Because in 20+ years of off and on using linux, I’ve never once gotten apt to install anything. I have however fucked up my whole system by doing sudo apt update/sudo apt upgrade.

Sorry but that's really not typical, you must have been doing something out of the ordinary or been very unlucky.

I didn’t say I want to know why it needs them. I’m upset it tells me that it tells me it needs them, and then says “they won’t be installed”, but won’t tell me WHY they won’t be installed. If the program needs those dependancies, just install them. Instead it juat says “we know you need the dependancies, but we’re not going to do that”.

It's the package manager that handles dependencies, not the program you're trying to install. Random programs shouldn't be able to just install things on your computer. Did you try installing the dependencies?

[–] Lost_My_Mind@lemmy.world 1 points 4 hours ago (2 children)

Did you try installing the dependencies?

I have zero clue how to do that. I don't even know what file extention they would be, or where I would get them, or what step 1 would be to installing them.

[–] grue@lemmy.world 2 points 3 hours ago* (last edited 3 hours ago)
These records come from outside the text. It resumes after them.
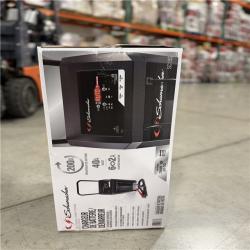 DALLAS LOCATION - Schumacher Electric Automotive 6-Volt and 12-Volt 200 Amp Fully Automatic Wheeled Jump Starter and Battery Charger with 40 Amp Boost
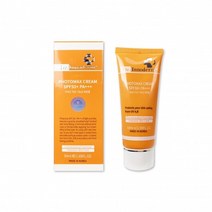 닥터이노덤 피부과 선크림 포토맥스 크림 50ml (SPF50+), 1개
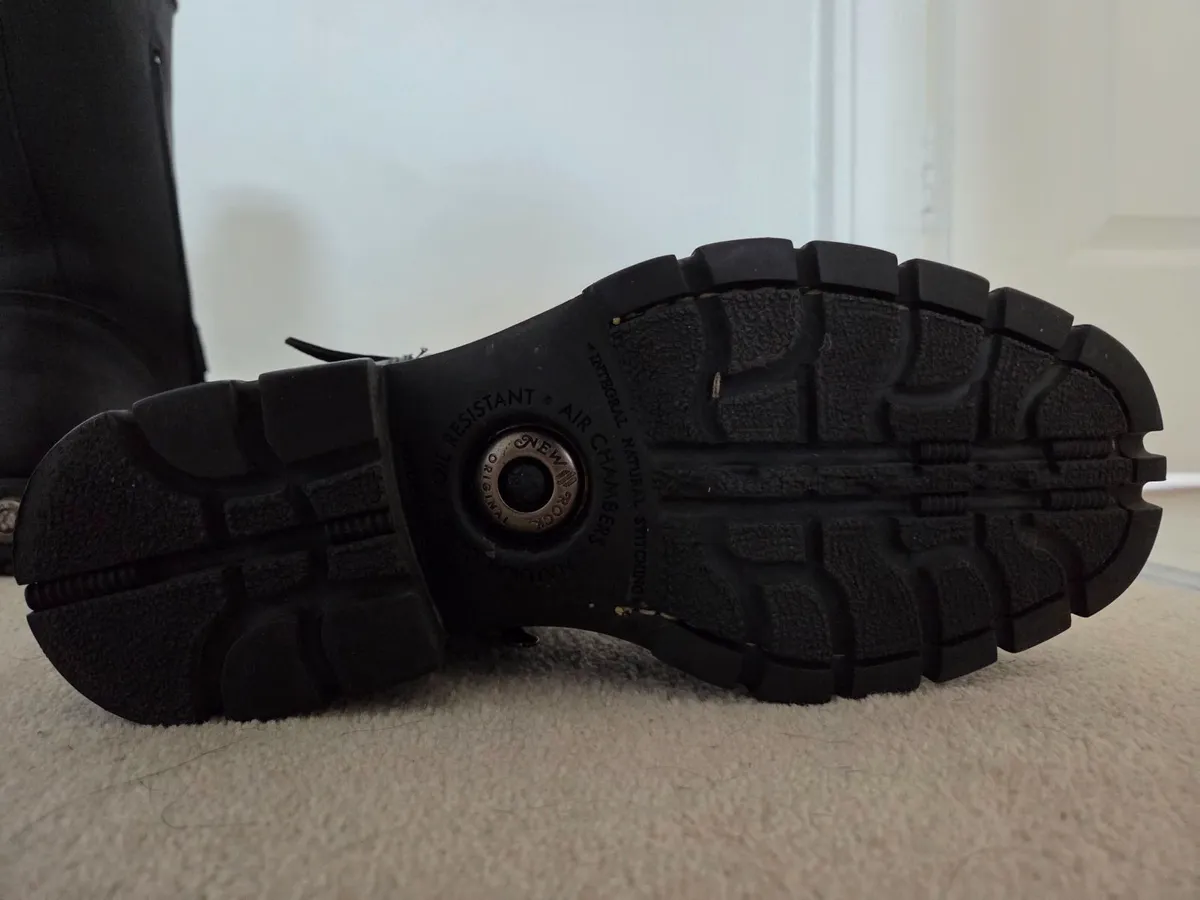 Motor Bike Clothing - Image 4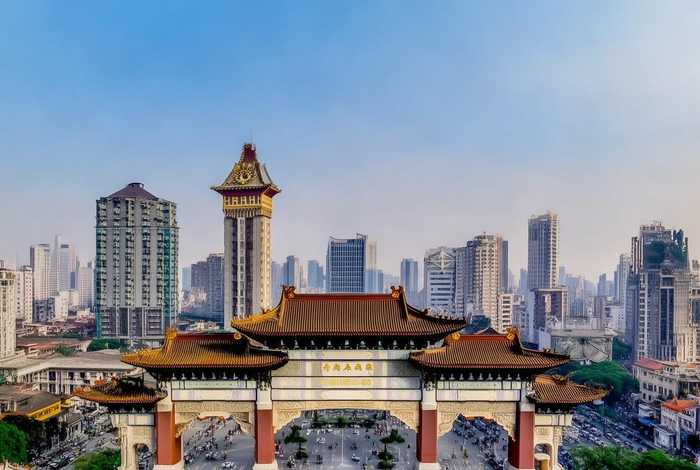 中国国际旅行社成立于哪一年、中国国际旅行社成立于哪一年几月几日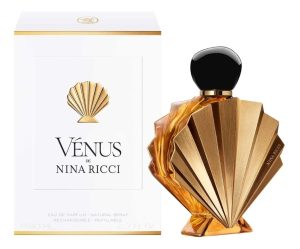 NINA RICCI  perfume nina ricci venus feminino eau de parfum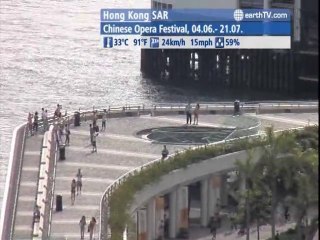 Dresden - Germany, Washington - USA, Venice - Italy, Paris - France, Hong Kong SAR - China, Ekaterinburg - Russia, Avignon - France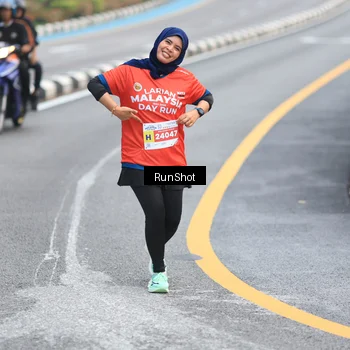 Runner Photo 7021490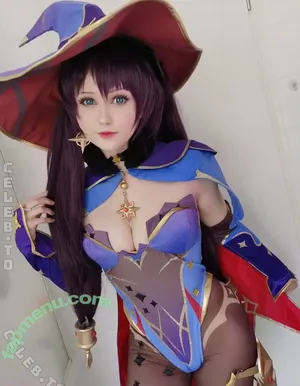 kaddicosplay / KaddiTwitch nude photo #0185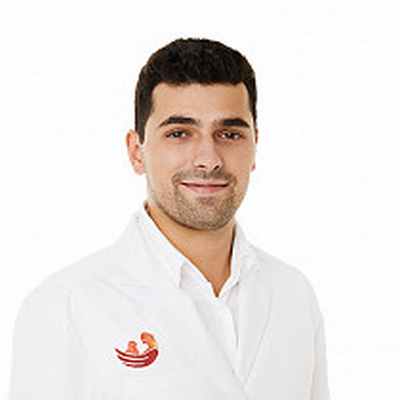 Чалов Артур Сергеевич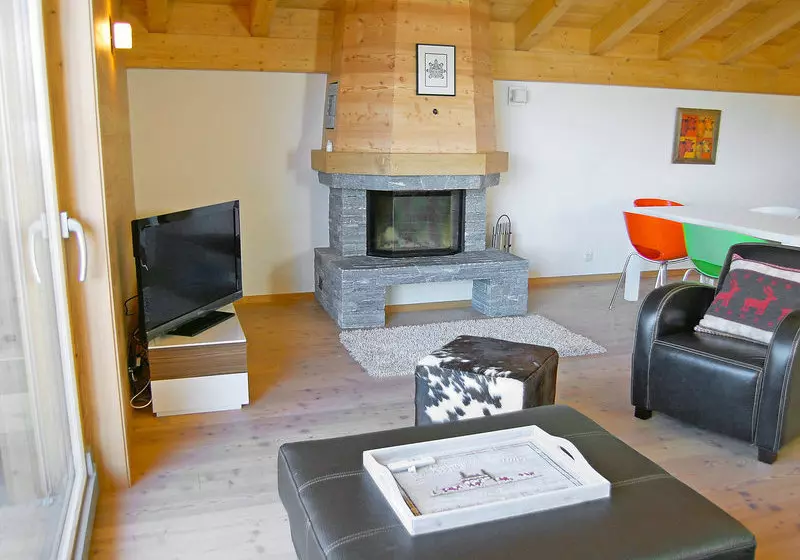 Hotelli Ecoresidence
They would also be .deb files. If you wanted to install package A.deb that depended on B.deb and C.deb, with C.deb itself depending on D.deb and E.deb, you would work down the dependency tree to figure that out, obtaining the .deb file for each package as you went (presumably manually downloading from each project website itself, since we're doing this in hard mode), then run dpkg install E.deb, dpkg install D.deb, dpkg install C.deb, dpkg install B.deb, and finally dpkg install A.deb in that order. You also have to make sure each of those packages is the correct version compatible with the others, BTW.

This is what apt is designed to do for you, automatically. This is why you use it instead of dpkg.

(Side note: I sure would love to find out how to control syntax highlighting in Lemmy inline code markup.)